How to defeat Nimbys over new housing and planning
For some among the Conservative Party tribe descended upon central Manchester, there’s a roar as deafening as the drumbeats and shouts of ‘Tories out’ echoing from protesters gathered outside the Midland Hotel.
It’s the roar of internal complaint about planning reform and dissent at the direction of housing policy.

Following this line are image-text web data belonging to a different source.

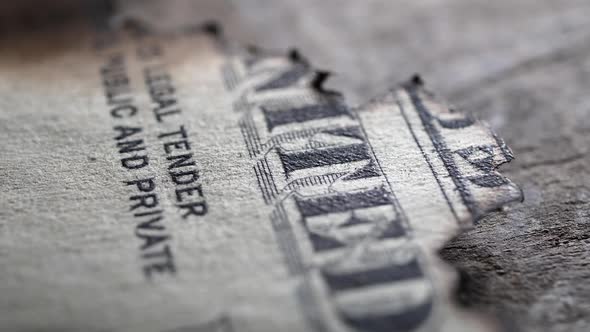 Burned Dollar  banknote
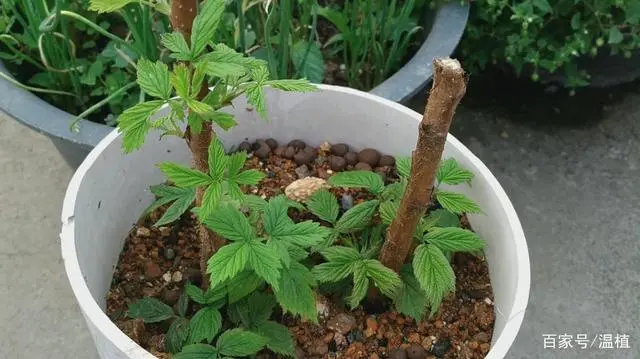 室内种植竹荪视频_竹荪冬季种植技术_竹荪什么季节种植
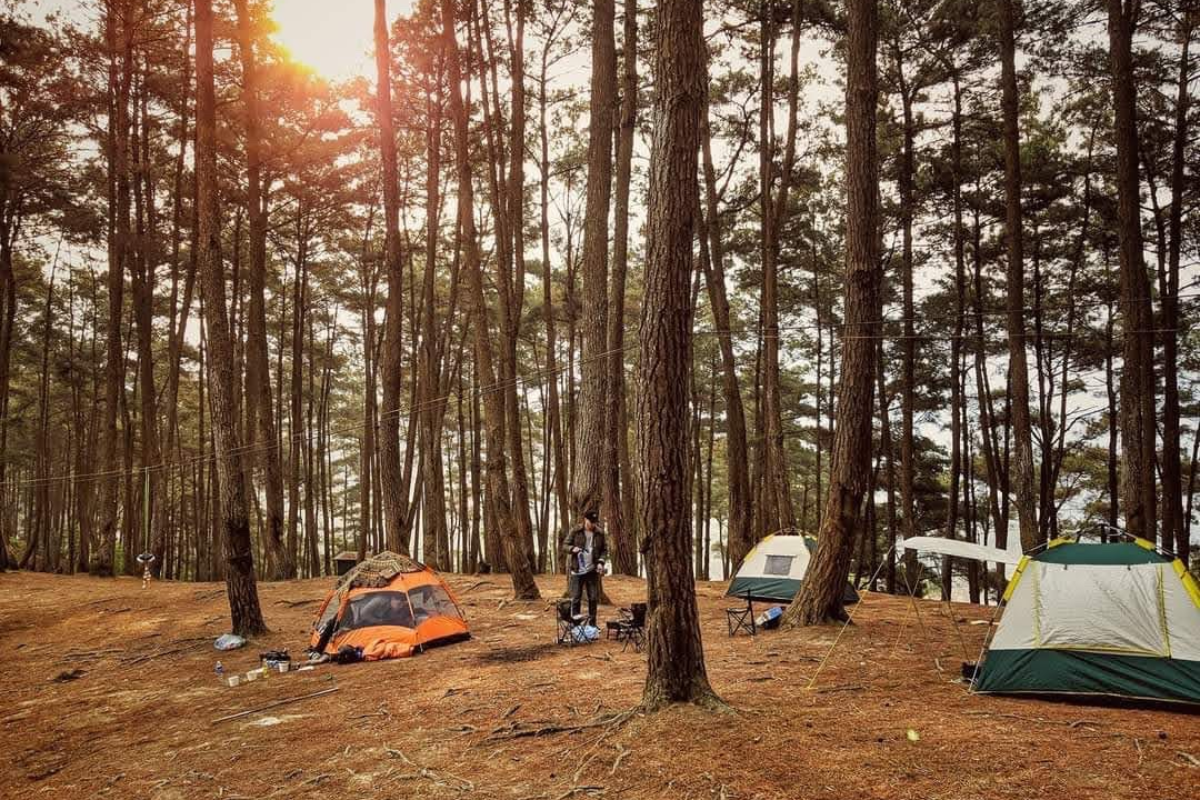 Tents set up in Yen Minh Pine Forest with sunrise in the background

In a way their external enemies could never hope to achieve, those inside the party tent, most prominent among them the backbench WhatsApp group of planning refuseniks, saw to the banishment to the backbenches of former housing secretary Robert Jenrick.
In his place, dancing onto the podium, with a newly minted Whitehall brand the Department for Levelling Up, Housing and Communities (pronounced Deluxe), strides Michael Gove with a remit to not just turn the ubiquitous slogan into something concrete and meaningful, but to defuse the landmine field which planning policy has swiftly become.
In his role as government cleaner up of tricky problems in chief, Mr Gove has little more than two years to convince the public that the government’s commitments to place prosperity can be delivered in all four corners of the land.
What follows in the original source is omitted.